The clause looks innocuous enough, seemingly disproportionate to the uproar that it has caused. But even if it had not been inserted, even if no Anti-Cybercrime Law had ever gone on the books, the country’s continued criminalization of libel in itself has already been, and will continue to be, a cause for heated debate. A bone of contention between pundits both in and outside the Philippines, the definition of libel in the Revised Penal Code has even been criticized by the United Nations as contrary to the International Covenant on Civil and Political Rights, and is not consistent for a nation that respects its citizens’ freedom of expression.
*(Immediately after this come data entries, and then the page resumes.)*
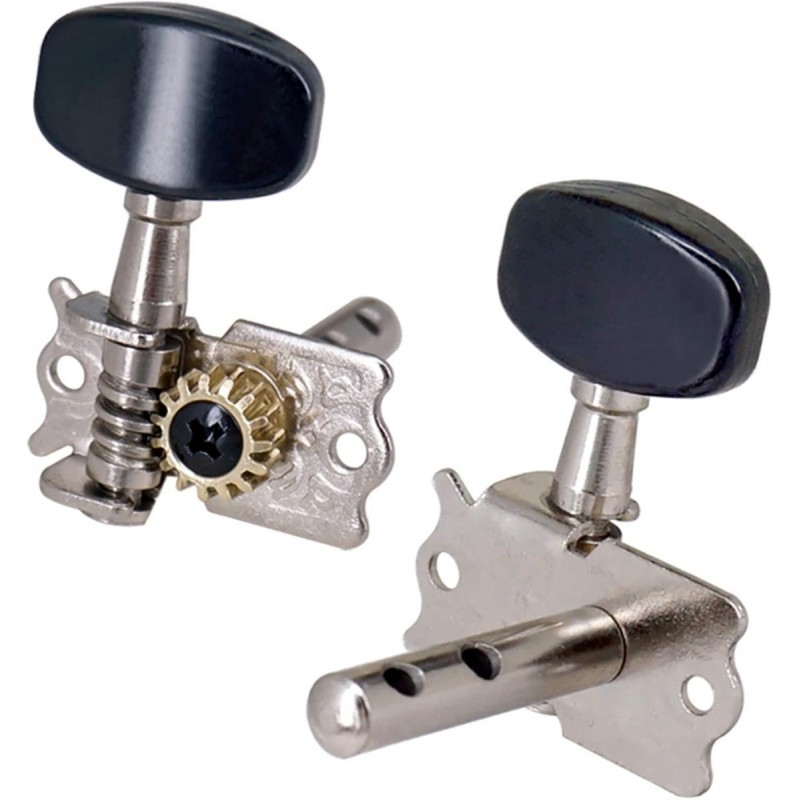 Kera Audio FTSK-3R3L/BK - Klucze do gitary akustycznej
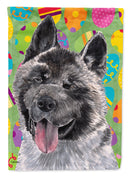 Akita Easter Eggtravaganza Garden Flag - Outdoor Decorative Yard Flag SC9488GF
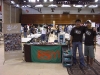 Getting ready to meet students
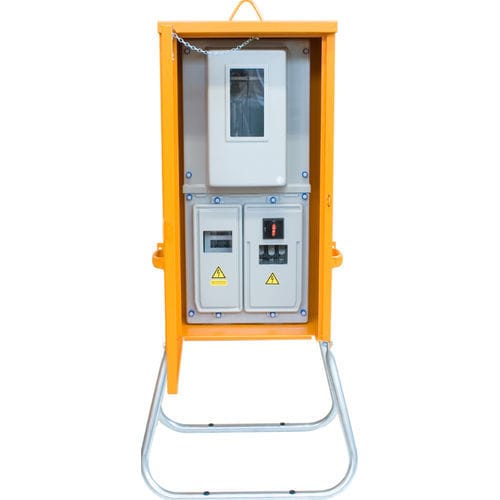 Armoire réseau de distribution - M-A 80  - MERZ GmbH - murale / résistante aux intempéries / robuste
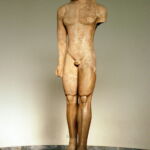 Kouros von Kap Sunion Kouros von Kap Sunion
Perplexingly, the Anti-Cybercrime Law could have been applied to libel even without the inserted clause. Just four short paragraphs down from the libel clause is a whole section that serves as a catch-all, making the Anti-Cybercrime Law applicable to all crimes defined in the Revised Penal Code—libel included—if any of these are committed “through and with the use of information and communications technologies.” Examine the language of this catch-all section and you’d even find it more encompassing yet shorter than the libel clause’s pedestrian wording of “prohibited acts … committed through a computer system or any other similar means which may be devised in the future.” The catch-all seems to have been written by someone familiar with the underlying technologies that can be employed for cybercrime, while the libel clause’s phrasing looks myopic in comparison, describing only the appliances in which these technologies are packaged. In essence, the reversal of opinions, withdrawal of support, and the petitions to the Supreme Court questioning its constitutionality, all show that the Anti-Cybercrime Law was weakened by a redundant clause which highlighted its reference to the prevailing and controversial definition of libel as a crime. The clause, looking like a simple afterthought, had instead turned into a lightning rod, spotlighting a link to the one provision in the Revised Penal Code that could quickly galvanize the detractors of the Anti-Cybercrime Law. Of all things, one could even liken the clause’s effect to that of a virus—surreptitiously inserted, impervious to deletion, and seemingly harmless, but all the while simply waiting for the inevitable activation of its malware payload.